- Location of Bayonet Point in Pasco County, Florida.
- Coordinates: 28°19′33″N 82°40′59″W﻿ / ﻿28.32583°N 82.68306°W
- Country: United States
- State: Florida
- County: Pasco

Area
- • Total: 5.73 sq mi (14.83 km^{2})
- • Land: 5.68 sq mi (14.71 km^{2})
- • Water: 0.046 sq mi (0.12 km^{2})
- Elevation: 26 ft (7.9 m)

Population (2020)
- • Total: 26,713
- • Density: 4,702.5/sq mi (1,815.64/km^{2})
- Time zone: UTC-5 (Eastern (EST))
- • Summer (DST): UTC-4 (EDT)
- ZIP code: 34667
- Area code: 727
- FIPS code: 12-04162
- GNIS feature ID: 2402667

= Bayonet Point, Florida =

Bayonet Point is a census-designated place (CDP) in Pasco County, Florida, United States. As of the 2020 census, Bayonet Point had a population of 26,713.
==Geography==
According to the United States Census Bureau, the CDP has a total area of 5.7 sqmi, of which 5.6 sqmi is land and 0.1 sqmi (1.41%) is water.

==Demographics==

Historical population
| Census | Pop. | Note | %± |
| 1980 | 16,455 |  | — |
| 1990 | 21,860 |  | 32.8% |
| 2000 | 23,577 |  | 7.9% |
| 2020 | 26,713 |  | — |
source:

===2020 census===

As of the 2020 census, Bayonet Point had a population of 26,713. The median age was 50.1 years. 17.6% of residents were under the age of 18 and 29.6% of residents were 65 years of age or older. For every 100 females there were 89.6 males, and for every 100 females age 18 and over there were 86.5 males age 18 and over.

100.0% of residents lived in urban areas, while 0.0% lived in rural areas.

There were 11,825 households in Bayonet Point, of which 22.2% had children under the age of 18 living in them. Of all households, 36.8% were married-couple households, 19.2% were households with a male householder and no spouse or partner present, and 33.7% were households with a female householder and no spouse or partner present. About 33.0% of all households were made up of individuals and 20.7% had someone living alone who was 65 years of age or older.

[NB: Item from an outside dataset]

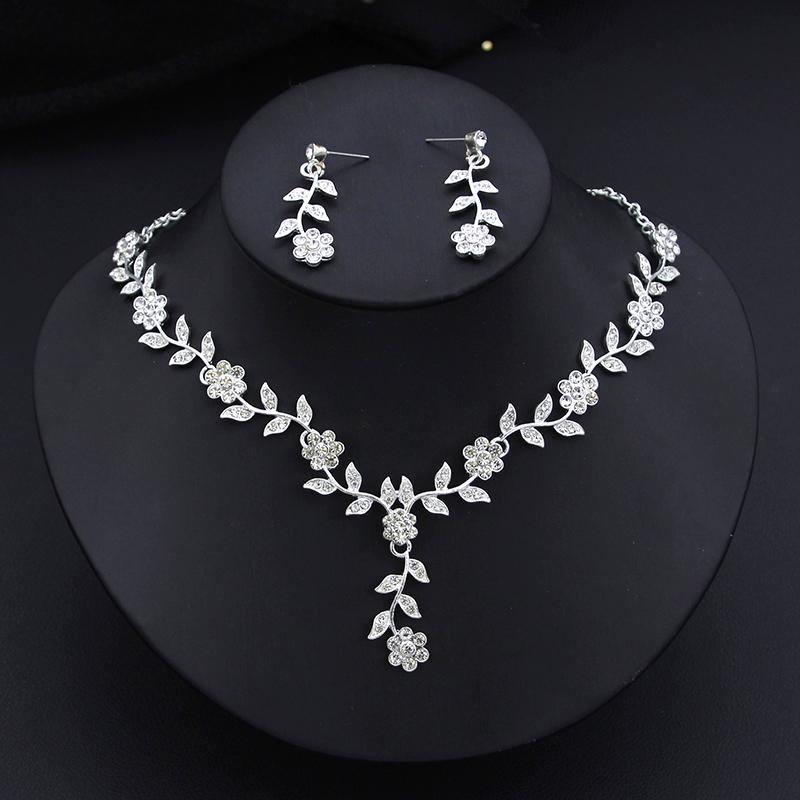 Fashion Pendants Necklace Earrings Sets for Women Flower Jewelry Set Bridal Wedding Choker Necklace Set Accessories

There were 13,286 housing units, of which 11.0% were vacant. The homeowner vacancy rate was 2.8% and the rental vacancy rate was 7.0%.

Racial composition as of the 2020 census
| Race | Number | Percent |
|---|---|---|
| White | 21,248 | 79.5% |
| Black or African American | 1,099 | 4.1% |
| American Indian and Alaska Native | 128 | 0.5% |
| Asian | 355 | 1.3% |
| Native Hawaiian and Other Pacific Islander | 11 | 0.0% |
| Some other race | 1,138 | 4.3% |
| Two or more races | 2,734 | 10.2% |
| Hispanic or Latino (of any race) | 4,111 | 15.4% |

===2010 census===

As of the census of 2010, there were 23,467 people, 10,727 total households, and 6,214 families residing in the CDP. The population density was 4,136 PD/sqmi. The racial makeup of the CDP was 92.3% White, 1.9% African American, 0.3% Native American, 1.2% Asian, 0.1% Pacific Islander, 1.9% from other races, and 2.3% from two or more races. Hispanic or Latino of any race were 9% of the population.

Of the 6,214 family households, 19.5% had children under the age of 18 living with them. 40.1% were married couples living together, 12.9% had a female householder with no husband present, 5% had a male householder with no wife present. Of the 10,727 total households, 42.1% were non-families. 35.1% of all households were made up of individuals, and 22.5% had someone living alone who was 65 years of age or older.

In the CDP, the population was spread out, with 18.4% under the age of 18. The median age was 48.9 years.